◆ Exercise goal ◆
Each line of the data below should be restated exactly, with images left out.

◆ Given material ◆
*** Begin section ***
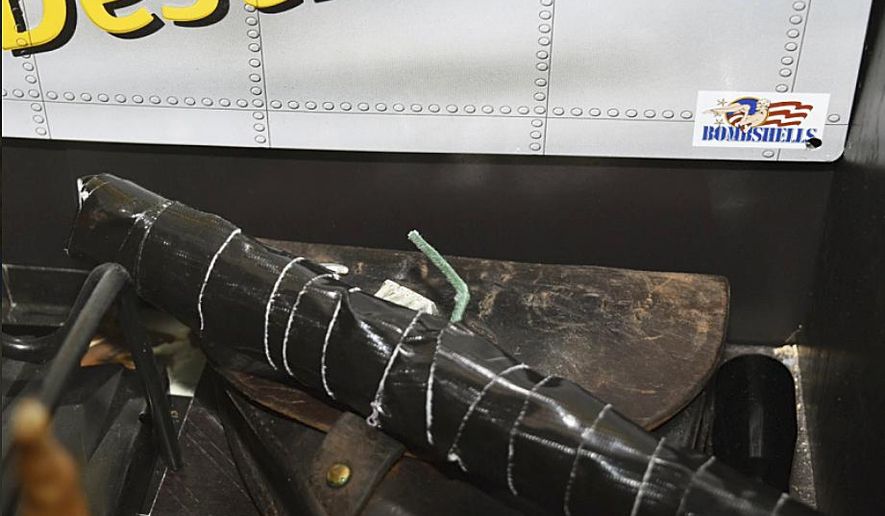In this undated photo released by the Pinellas County Sheriff's Office, an improvised explosive device is shown in the home of Randall Drake. Sheriff's deputies conducting a child porn raid on the home found an arsenal of guns and explosives and a homemade silencer, along with a note promising "bloody revenge." Pinellas County Sheriff Bob Gualtieri told reporters Thursday night, Oct. 19, 2017, deputies also found aerial images of two schools and a water plant in nearby Tampa. There was also a note that deputies believe Drake wrote, promising he'll have his "bloody revenge" and "the world will burn burn." (Pinellas County Sheriff's Office via AP)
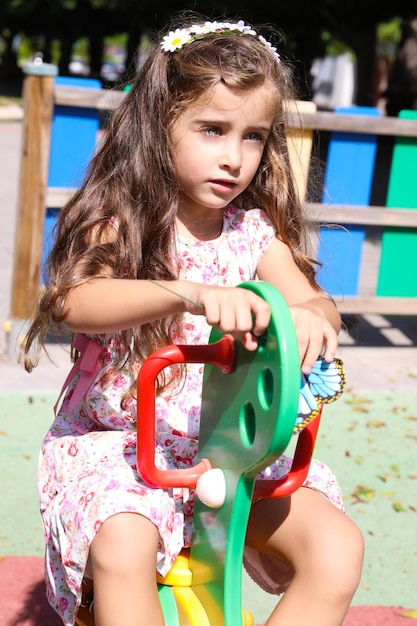 een mooi meisje met bruin haar en lichtgroene ogen, gelukkig en glimlachend op een schommel in Alicante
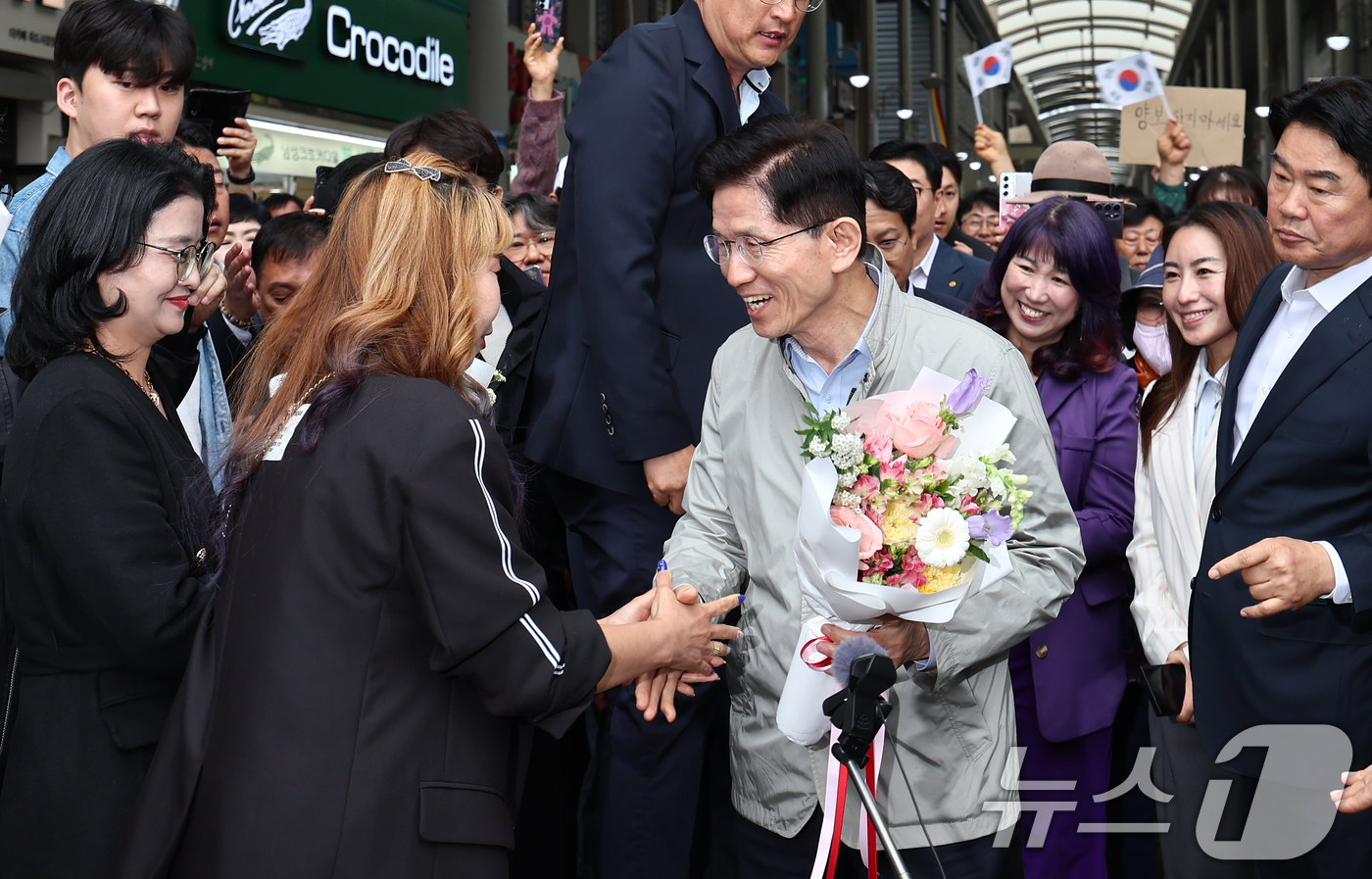 (포항=뉴스1) 김민지 기자 = 김문수 국민의힘 대통령 후보가 6일 경북 포항시 죽도시장에서 지지자들에게 꽃다발을 받고 있다. 2025.5.6/뉴스1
*** End section ***
◆ Response to the exercise ◆
In this undated photo released by the Pinellas County Sheriff's Office, an improvised explosive device is shown in the home of Randall Drake. Sheriff's deputies conducting a child porn raid on the home found an arsenal of guns and explosives and a homemade silencer, along with a note promising "bloody revenge." Pinellas County Sheriff Bob Gualtieri told reporters Thursday night, Oct. 19, 2017, deputies also found aerial images of two schools and a water plant in nearby Tampa. There was also a note that deputies believe Drake wrote, promising he'll have his "bloody revenge" and "the world will burn burn." (Pinellas County Sheriff's Office via AP)
 een mooi meisje met bruin haar en lichtgroene ogen, gelukkig en glimlachend op een schommel in Alicante
 (포항=뉴스1) 김민지 기자 = 김문수 국민의힘 대통령 후보가 6일 경북 포항시 죽도시장에서 지지자들에게 꽃다발을 받고 있다. 2025.5.6/뉴스1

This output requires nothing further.